The problem is: If we kill the Node1-backup at this moment, Node1-live will not re-send the Large_File.
-
4. Re: Large messages lost between cluster nodes after failover
shainsky Aug 12, 2014 4:01 AM (in response to clebert.suconic)Sorry, but still no ideas how to solve the problem?
-
5. Re: Large messages lost between cluster nodes after failover
clebert.suconic Aug 12, 2014 2:07 PM (in response to shainsky)You are talking about replica...
But clustering != Replication
Is there a way you could create a testcase based on the examples?
-
6. Re: Large messages lost between cluster nodes after failover
clebert.suconic Aug 12, 2014 2:55 PM (in response to shainsky)So, I read your message again... this is about failover, not clustering... clustering = message redistribution.
I believe you are failing over while the backup is synchronizing the data with the live.

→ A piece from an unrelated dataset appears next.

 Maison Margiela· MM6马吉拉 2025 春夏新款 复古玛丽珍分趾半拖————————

The backup is not really functional until you have synchronized your data.
And the message will not be available for consumption until your client has finished transmitting it, and committed it in case it was transactional.

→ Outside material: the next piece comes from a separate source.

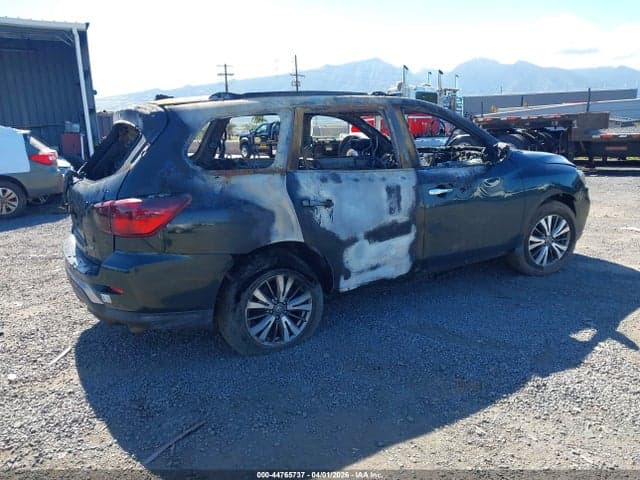 2019 NISSAN PATHFINDER SV 4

I would need some idea on how you are sending it.. when you are killing the live server and what's happening before I can give you better answer. But so far I believe the issue is expected as it doesn't seem that you waited the message or the server to be in sync.
-
7. Re: Re: Large messages lost between cluster nodes after failover
shainsky Aug 19, 2014 10:18 AM (in response to clebert.suconic)Sorry for the delay. I attached log files from Node1-Live and Node1-backup and put my comments right inside logs.
Here is the scenario:
1. Node1-live started 2. Node1-backup started 3. Large message started transferring from producer to Node1-Live 4. Large message received, replicated by Node1-Backup and started transferring to Node2 5. [Ctrl + C] 6. Node1-Backup came live and resumed transferring the large message to Node 2 7. Node1-Live restarted 8. Node1-backup discovered that Node1-live restarted 9. Node1-backup sent synchronization info to Node1-live 10. Node1-Live synchronized with Node1-backup 11. Node1-Live sent 'shutdown' signal to Node1-backup 12. Node1-Live became 'live' again (failed back). Large message transferring didn't resume from Node1-Live. 13. Node1-backup received 'shutdown' signal and coming back to 'backup' mode 14. IMPORTANT! Look at the Thread pool - there's still one thread transferring large message from Node1-backup to Node2. 15. [Ctrl + c]. Node1-Backup stopped transferring large message. Large message is lost!
-
log-node-live.txt.zip 3.0 KB
-
log-node-backup.txt.zip 2.8 KB
-
-
8. Re: Large messages lost between cluster nodes after failover
clebert.suconic Aug 19, 2014 6:52 PM (in response to shainsky)What you mean by 6 (resumed transferring large message).
We don't have such operation. The client will either complete sending or not. If the message wasn't finished the client should have received an exception for not having the operation complete.
How you're sending the large message? Persistent message I assume.
Why don't you attach your testcase? it would probably be easier to understand it (well.. if the testcase is easy to run).